- Exercise requirements -
These records contain pictures, which must be left out; copy exactly the lines from the one with "Транспортна переноска для" up to and including the one with "IMPTS - Lámpara".

- Supplied entries -
*-*-*

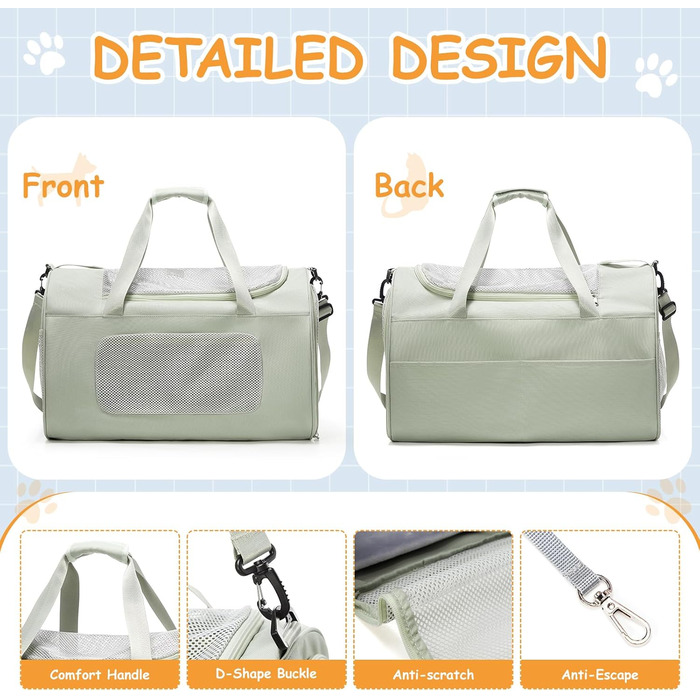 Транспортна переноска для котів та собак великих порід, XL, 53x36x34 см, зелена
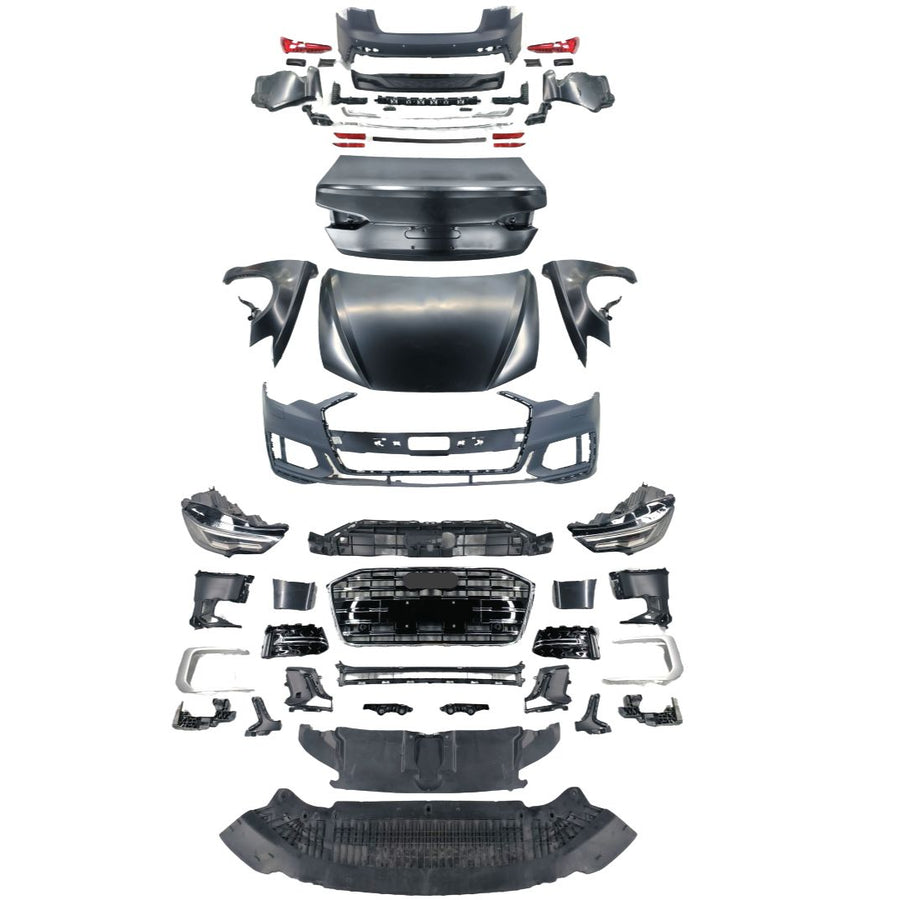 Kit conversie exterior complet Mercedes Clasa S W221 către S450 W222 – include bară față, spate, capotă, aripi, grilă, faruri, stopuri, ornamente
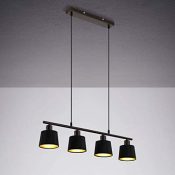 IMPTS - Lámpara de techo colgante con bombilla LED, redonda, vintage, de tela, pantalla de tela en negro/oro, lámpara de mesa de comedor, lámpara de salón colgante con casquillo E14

*-*-*

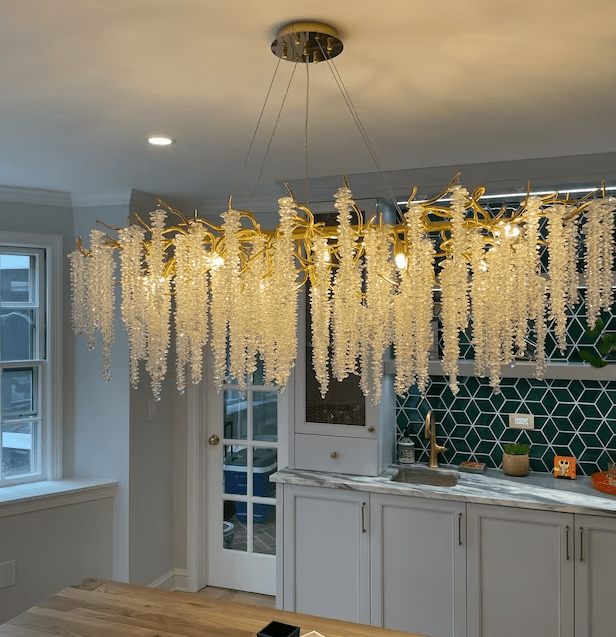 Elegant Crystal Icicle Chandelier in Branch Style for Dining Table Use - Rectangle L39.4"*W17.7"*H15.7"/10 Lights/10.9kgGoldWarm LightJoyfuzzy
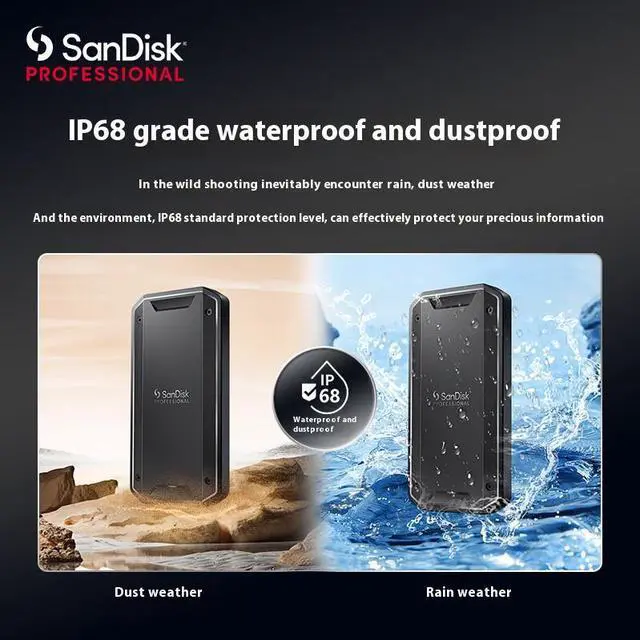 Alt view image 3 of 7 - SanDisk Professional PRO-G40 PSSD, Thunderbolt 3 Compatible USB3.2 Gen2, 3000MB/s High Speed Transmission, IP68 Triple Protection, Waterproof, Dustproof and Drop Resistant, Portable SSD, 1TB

*-*-*

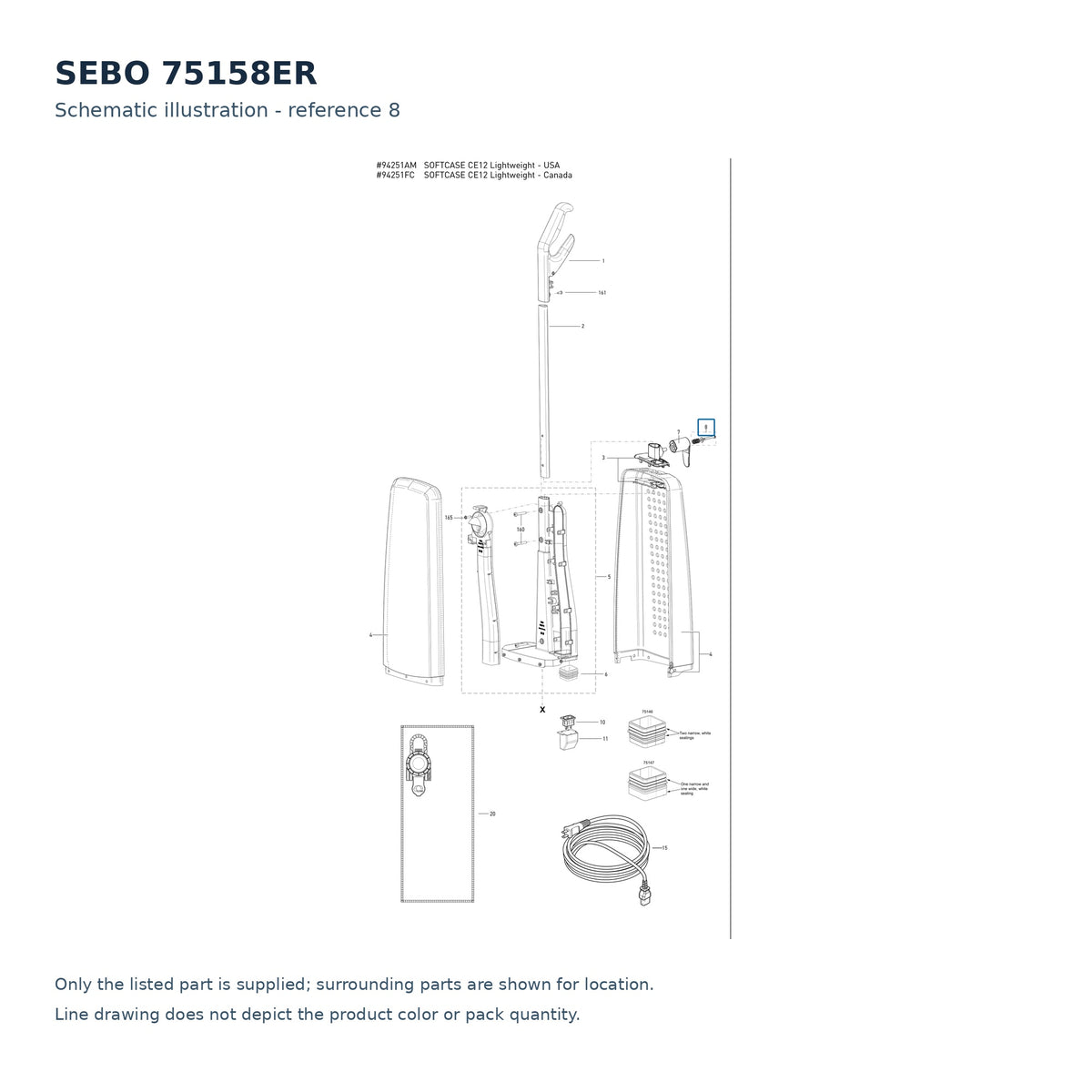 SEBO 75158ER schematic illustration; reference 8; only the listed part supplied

*-*-*

- Output below -
 Транспортна переноска для котів та собак великих порід, XL, 53x36x34 см, зелена
 Kit conversie exterior complet Mercedes Clasa S W221 către S450 W222 – include bară față, spate, capotă, aripi, grilă, faruri, stopuri, ornamente
 IMPTS - Lámpara de techo colgante con bombilla LED, redonda, vintage, de tela, pantalla de tela en negro/oro, lámpara de mesa de comedor, lámpara de salón colgante con casquillo E14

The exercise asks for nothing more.